A Sea Pearl 21 is a small sailboat that is twenty-one feet long, five and a half feet wide, and weighs about six hundred pounds with the ballast tanks empty. It has an unstayed cat ketch rig. Most Sea Pearls have leeboards but mine was built with a centerboard. With its low weight and height it's an easy boat to trailer.
The best feature from my perspective is its draft. With the center board up it only drafts six inches and the centerboard adds only two more feet. In the northern part of the Gulf of Mexico that is a wonderful feature. Though I do admit that it can make you really lazy about navigation and ignore shallow water unless there are birds standing on it.
We left from Shell Point Florida, which is on the coast directly south of Tallahassee, Florida. Early sunday morning turned into mid-morning by the time we got the boat packed and on the water.
We launched the boat from a boat ramp on the west side of the point and motored through the channel and around the point. The marine forecast said five to ten knots from the southeast but as soon as we came around the point we knew that the forecast was somewhat fictional. The channel out into the Gulf was smooth but with more than fifteen knots of wind blowing from the southwest the water past the channel looked rougher than we had been expecting.
Once out past the channel we turned into the wind and unfurled the sails. On a Sea Pearl this is done by turning the masts and unwinding the sails while keeping tension on them from the booms. We left a couple of turns wrapped around the mast and turned to the east.
We turned north and surfing over some shoals we entered the channel into the St. Marks river. There is a large spoil island about a half mile up the river from the St. Mark's Lighthouse. Behind this island is a calm pool that has a few feet of water in it at high tide. This made a perfect spot to spend the evening and get out of the wind. Nathan set up a platform over the cockpit seats and we rigged up our tent. I supervised from the shore in a folding chair.
We slept the night quietly with the one exception of someone looking for the channel at three AM with a spotlight.
In the morning we motored several miles further up river and ate lunch at The Riverside Cafe.
Full of fried seafood we floated back down the river, leaving the channel near the lighthouse and reaching under a gentle breeze east to the mouth of the Aucilla river.
Picking our way into the river with our depth finder deployed (centerboard down) we dropped sails and motored upriver against an impressive flow. The Aucilla river is spring and runoff feed and it was either in flood stage or pretty close to it.
We stopped for a while to stretch our legs at the boat ramp on east bank of the river and then headed back to the river mouth to find an anchorage for the night.
We dropped our hook in about five feet of water up a small salt creek about three hundred yards from the river mouth.
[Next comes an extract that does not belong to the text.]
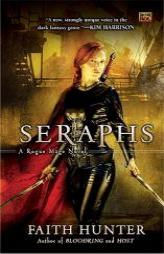Seraphs: A Rogue Mage Novel by Faith Hunter Paperback Book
Built the platform and pitched our tent.
I had been feeling a little sickly most of the trip and at about sundown I started burning up with a fever while feeling like I was soaked in ice water. Needless to say I crawled in my sleeping bag and had no problem falling asleep.
My fever broke in the middle of the night. Sticking my head out of the tent I watched the stars and listened to the sounds of the salt marsh until I fell asleep. Nathan was out like a light.
It was dead calm in the morning. We packed up our tent and platform and drifted out the river back into the Gulf. The ocean was as flat and calm as duck pond.
Under power we eased our way back west staying within a hundred yards of the marsh until we approached the lighthouse. Near the lighthouse the water shoals so we moved away from shore until we entered the St. Marks river channel. Returning to St. Marks we called our shore support team (A.K.A my better half) and called it a day.
Even though I became ill it was a great trip. I enjoyed the time with my son and any day on the water is a very good day. The Sea Pearl is one heck of a
boat. The combination of little draft, good handling, and a seaworthiness is tough to beat.